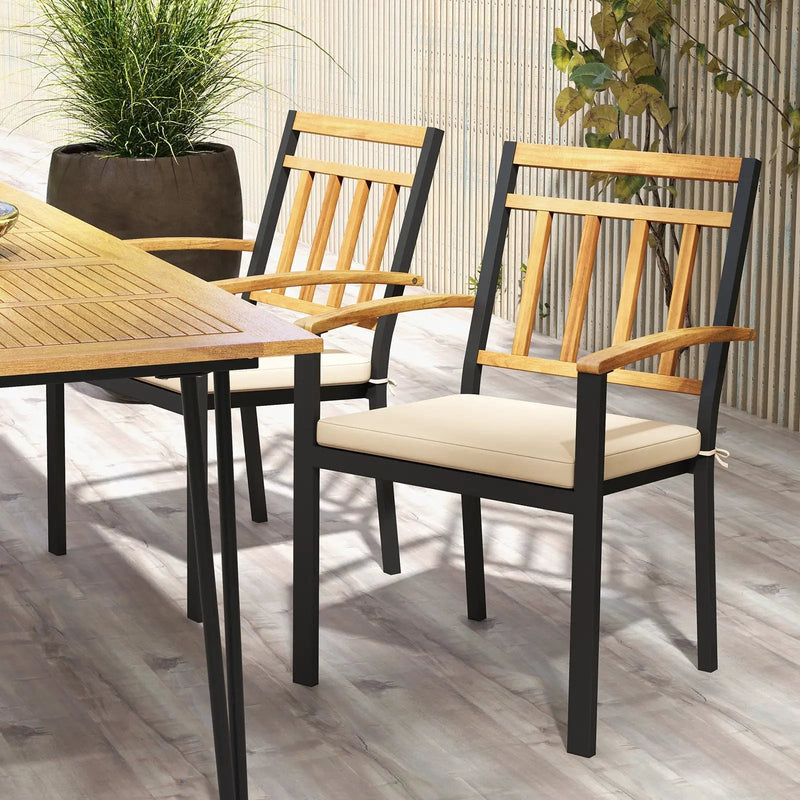 Set of 2 Patio Dining Chairs with Removable Padded Cushions by DirectDeals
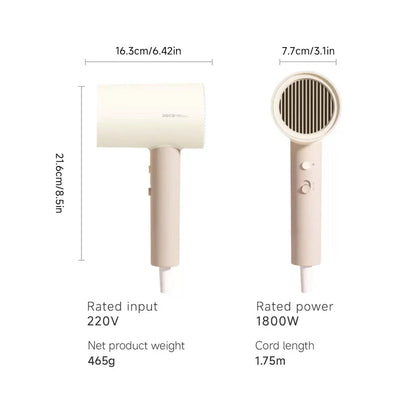 High-power anion hair dryer with foldable design, infrared heating, and dual heat and speed settings for quick drying and healthy hair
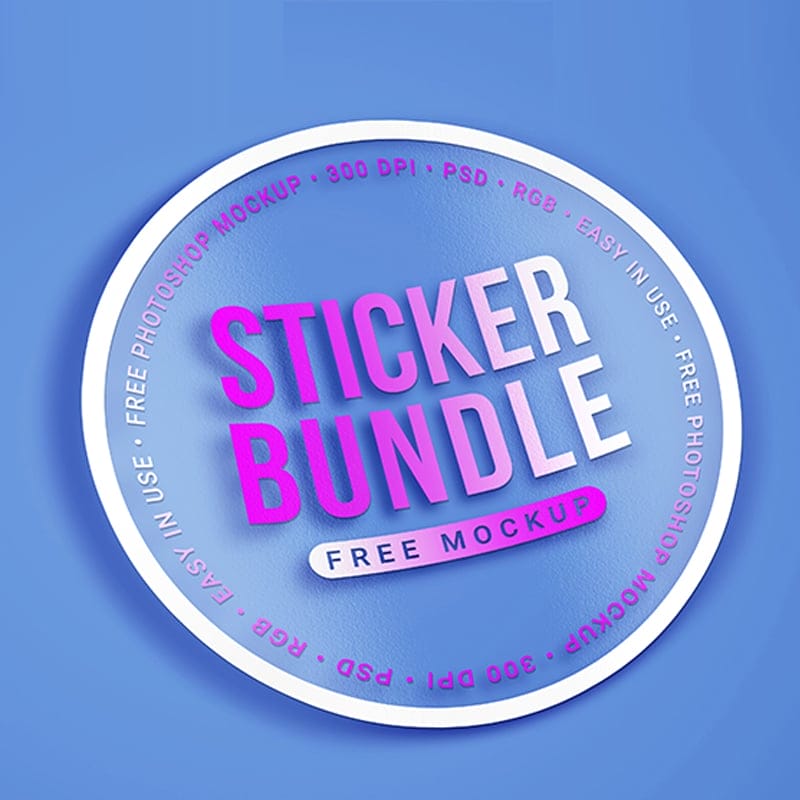 Sticker Bundle Free PSD Mockups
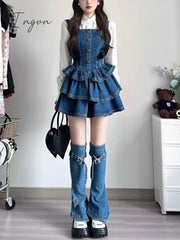 Ingvn - 2023 Autumn Camisole Jean Dress Sleeveless Denim Slim Vintage Y2k Mini Dress Women 3 Piece Dress Set Korean Fashion Clothing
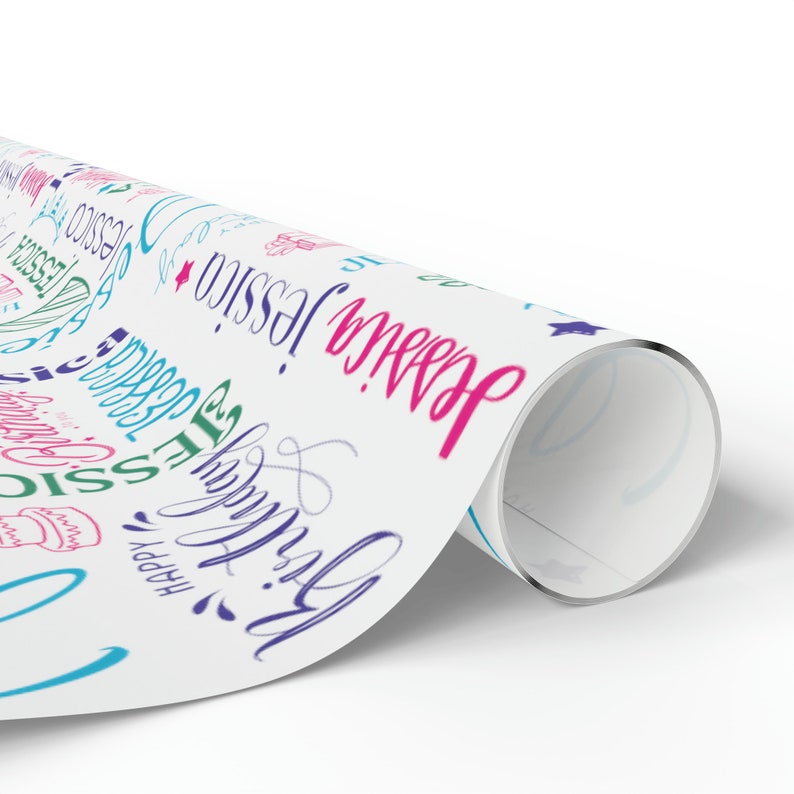 Personalized Wrapping Paper Roll for Birthday Gift, Custom Name Gift Wrap, Unique Happy Birthday Present with Name, Elegant Wrapping Paper 画像 5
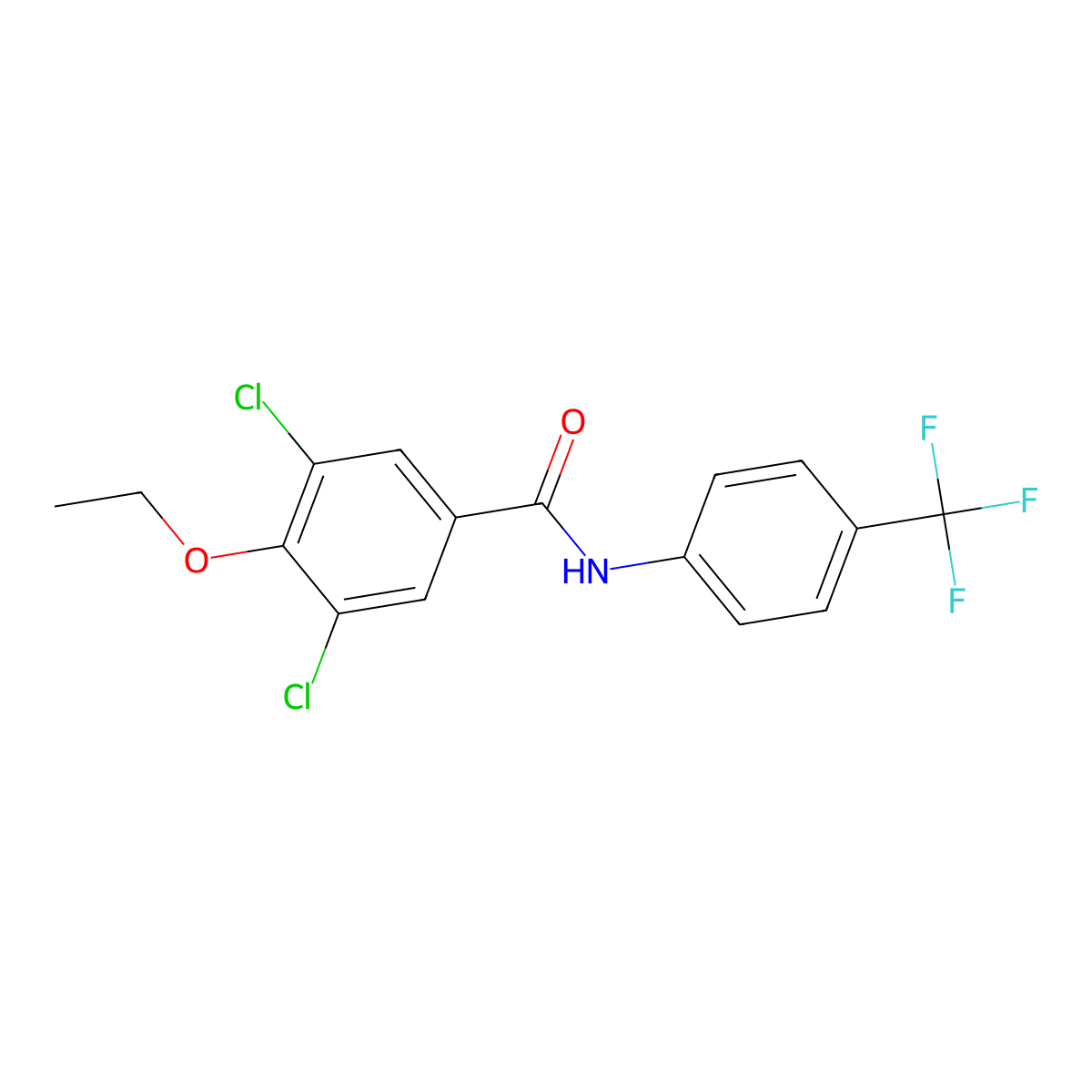 3,5-dichloro-4-ethoxy-N-[4-(trifluoromethyl)phenyl]benzamide molecular structure, CAS 694524-10-2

Work to be completed
Write out exactly, please, the lines that start at the one containing "Sticker Bundle Free PSD Mockups" and run through the final line of the entries, both included, leaving pictures out.

Solution for this exercise
 Sticker Bundle Free PSD Mockups
 Ingvn - 2023 Autumn Camisole Jean Dress Sleeveless Denim Slim Vintage Y2k Mini Dress Women 3 Piece Dress Set Korean Fashion Clothing
 Personalized Wrapping Paper Roll for Birthday Gift, Custom Name Gift Wrap, Unique Happy Birthday Present with Name, Elegant Wrapping Paper 画像 5
 3,5-dichloro-4-ethoxy-N-[4-(trifluoromethyl)phenyl]benzamide molecular structure, CAS 694524-10-2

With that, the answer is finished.